What Are the Implications for Wildlife?

  • CWD is a serious threat to the health and survival of deer and other cervids. It reduces their reproductive success, increases their mortality rate, alters their social behaviour and makes them more vulnerable to predators and accidents.
  • It can have cascading effects on the food web, affecting other species that depend on deer as prey or scavengers. Moreover, CWD can reduce the recreational and economic value of hunting and wildlife-watching activities.

What Are the Risks for Humans?

  • There is no conclusive evidence that CWD can infect humans, but there is also no guarantee that it cannot.
    • Some studies have shown that CWD can cross the species barrier and infect non-human primates such as monkeys and genetically modified mice.
    • Other studies have suggested that there may be a link between CWD exposure and some cases of Creutzfeldt-Jakob disease (CJD), a rare and fatal human prion disease.
  • The World Health Organization and the Centers for Disease Control and Prevention recommend that people avoid eating meat from CWD-infected animals as a precautionary measure.

What Can Be Done to Prevent or Control CWD?

  • There is no vaccine or treatment for CWD, and once it is established in a wild population, there is no realistic way to eradicate it. Therefore, prevention and early detection are crucial to limit its spread and impact. Some of the strategies that have been implemented or proposed include:
    • Testing harvested animals for CWD and disposing of infected carcasses properly.
    • Restricting the movement of live animals or animal parts across state or national borders.
    • Reducing deer density and contact through hunting or culling.
    • Enhancing surveillance and monitoring of CWD occurrence and distribution.
    • Educating hunters and the public about CWD risks and prevention measures.
    • Supporting research and innovation to develop new tools and methods to combat CWD.
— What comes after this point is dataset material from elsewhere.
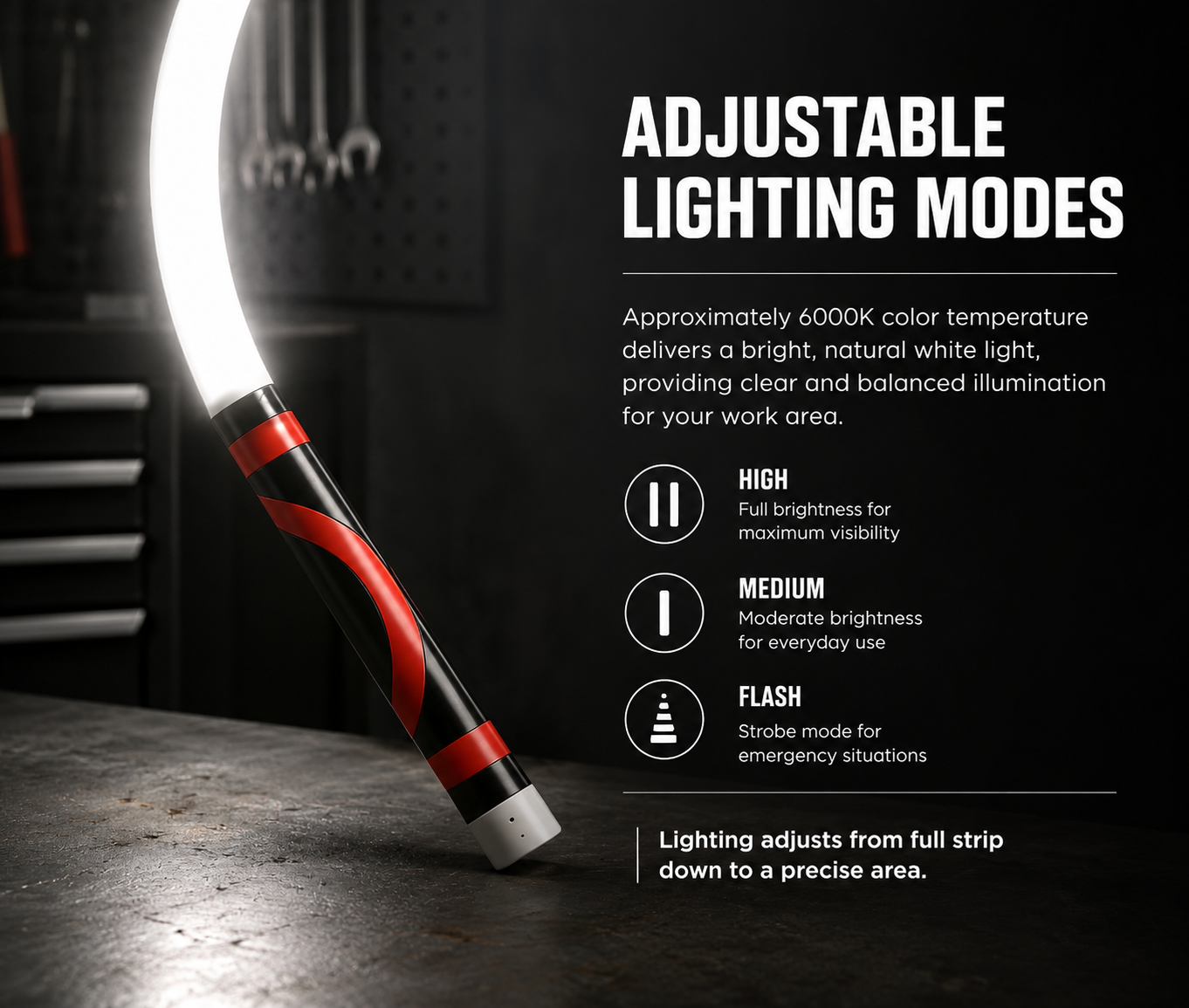 MechBeam LED Light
  • CWD is a complex and challenging issue that requires collaboration and coordination among various stakeholders, including wildlife managers, hunters, landowners, researchers, policymakers and the public.


Q. Which family of animals is primarily affected by Chronic Wasting Disease (CWD)?

A) Felidae (cats)

B) Canidae (dogs)

C) Cervidae (deer, elk, moose)

D) Bovidae (cattle, goats)

Answer:  C

Explanation: CWD primarily affects animals in the deer family (cervids), such as deer, elk, and moose.